Size: VIPs are currently available in sizes no bigger than about three feet in either direction. Dow Corning’s VIP comes in a 2-foot-by- 3-foot size. The good news is that the panels can be made to nearly any configuration within the available size. Square, rectangular, L-shapes, T-shapes-anything is possible. Non-standard shapes and sizes also increase price per square foot, however.
R Value Warranty: Dow Corning predicts that its VIP will retain 80 percent of its insulating value 25 years after manufacture. For a 1-inch thick panel at R 40, this works out to be R 32 at 25 years which is still many times more than any other type of insulation. In the event that the panel is punctured and the vacuum is lost, Dow Corning states that the R value of its VIPs will maintain R 7 per inch. Because this is an experimental product, however, Dow Corning does not stand behind this in any way. The product data sheet states:
“VIP is provided as is, with all faults and without warranty of any kind, either express or implied, including but not limited to, the implied warranties of merchantability and fitness for a particular purpose.”
MORE VIPS COMING TO NORTH AMERICAN MARKET
Dow Corning is not the only company that is pursuing a VIP product for the commercial building industry in North America. Panasonic also offers a VIP with an R value of 30 per inch and has successfully installed the panels in a demonstration project, a 3,500 square foot, three-bedroom residence called Harmony House in Burnaby, British Columbia Canada. The home uses VIPs in the wood framed walls, protectively sandwiched between rigid insulation board and spray applied polyurethane foam insulation within the stud cavity spaces. This yields a whole wall insulating value of R 37.7, taking into account the thermal bridging at the studs.
R-Box LLC is a North Carolina based company that will be offering a unique product that uses VIPs-The Insulated Electrical Box, or EBOX for short. These insulated electrical boxes have a VIP at the back of the box that is installed flush against the exterior wall sheathing, greatly reducing the heat loss through the box to the exterior. The dimension of the VIP is larger than the box which creates a sort of flange that the cavity insulation overlaps, resulting in a continuous plane of insulation, no longer rendered discontinuous by an un-insulated electrical box.
VIPs seem positioned to take a prominent place in the construction industry as a super-insulator used to dramatically increase buildings energy efficiency. As national and regional energy codes become more and more stringent, materials like VIPs will be paramount to designers to solve the problem of how to meet these new energy code requirements.

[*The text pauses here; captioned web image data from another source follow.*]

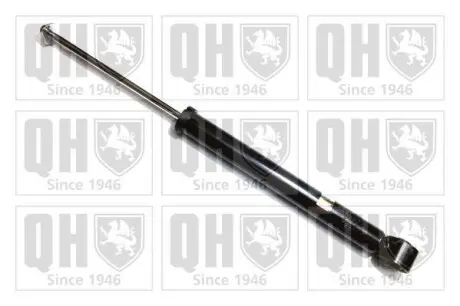Амортизатор заднiй газовий QUINTON HAZELL QAG179881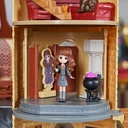HARRY POTTER CASTILLO HOGWARTS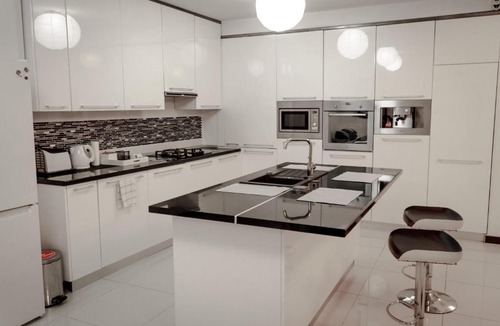 Alba Iulia Villa | Vila Carolina Apulum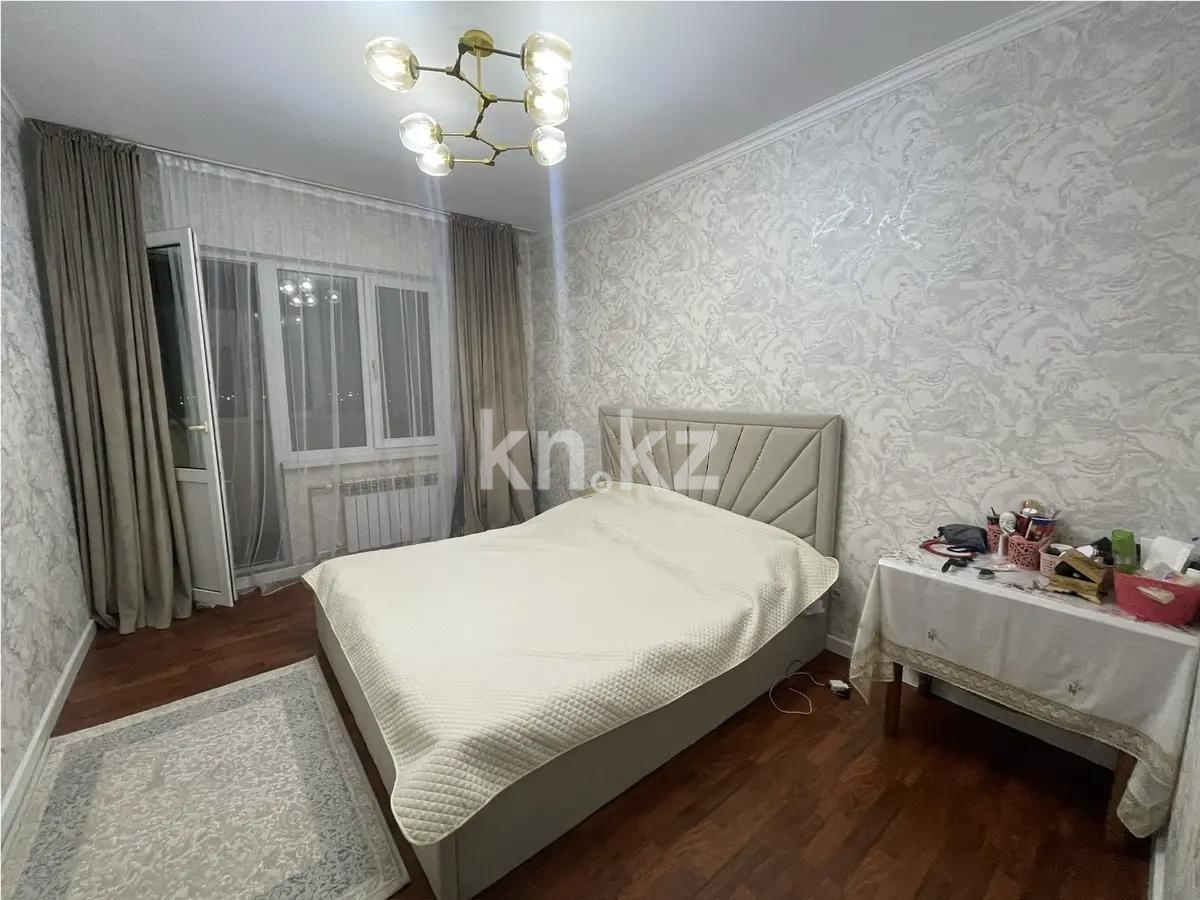 Продажа 2-комнатной квартиры, 64 м², мкр. Кокжиек, дом  39 в Алматы - фото 2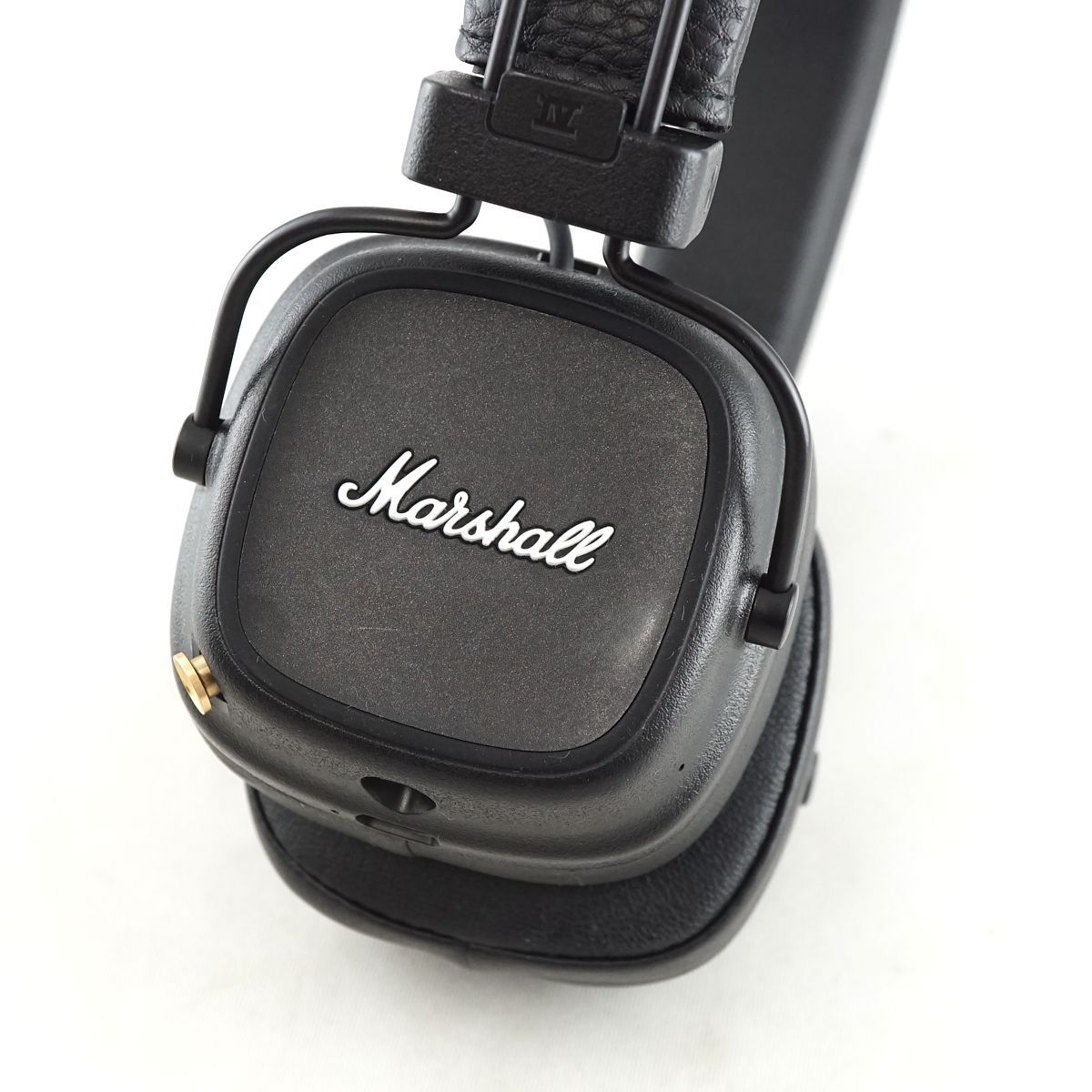 マーシャルⅣ 新品未使用 Marshall Major IV
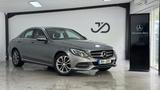Mercedes-Benz C 180 CGI *Kamera*ILS-LED*Comand-Online - Mercedes-Benz C 180: K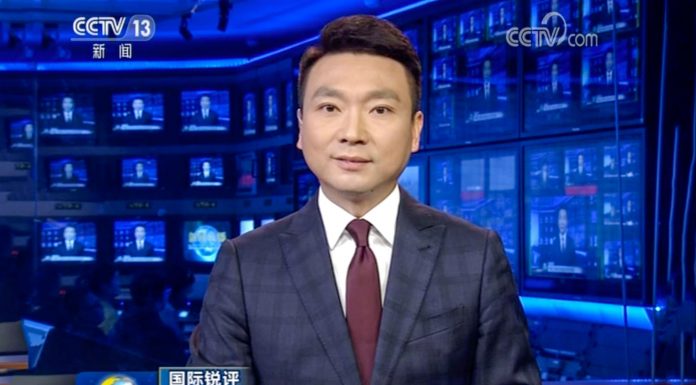 网友:不愿打,不怕打,必要时不得不打。原来是指习近平给川普打电话!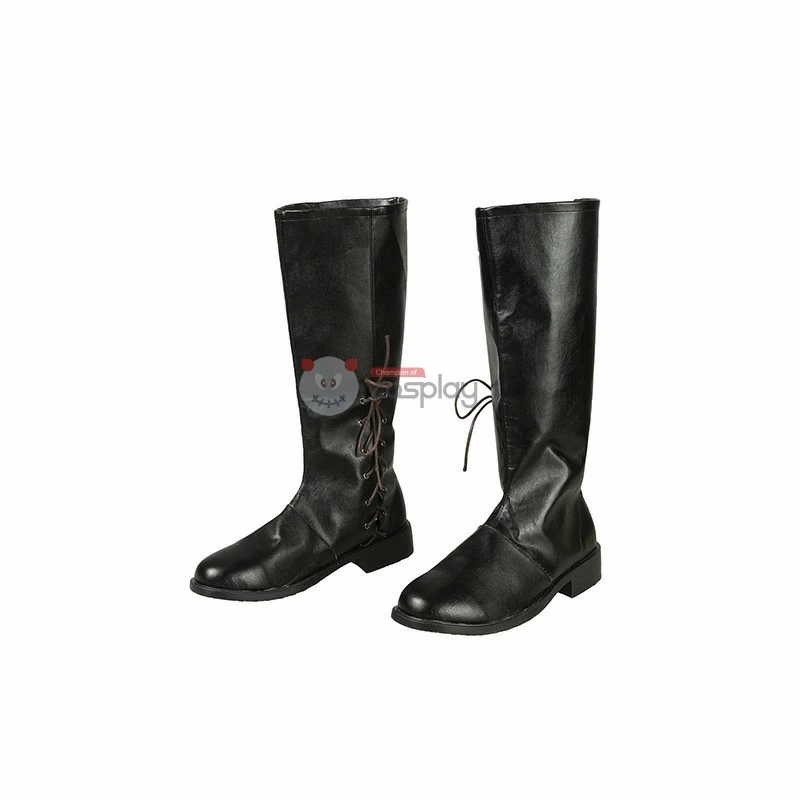 Jon Snow Costume Aegon Targaryen House Stark Cosplay Suit 10 Jon Snow Costume Aegon Targaryen House Stark Cosplay Suit - Image 8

While the cost of these panels seems high a first glance, they can offset costs for other, more exotic strategies for meeting energy code requirements such as triple paned glazing, double low-e coated glazing and ultra-high-performance glazed framing systems. As designers and manufacturers develop more ways to use the panels and increase their applicability, Dow Corning is convinced that the cost will come down and maximum panel size will go up. It looks like the federal government got one right, this time, and that their grant to Dow Corning has resulted in a viable, innovative product that has the potential to save taxpayers millions and millions of dollars in buildings energy use.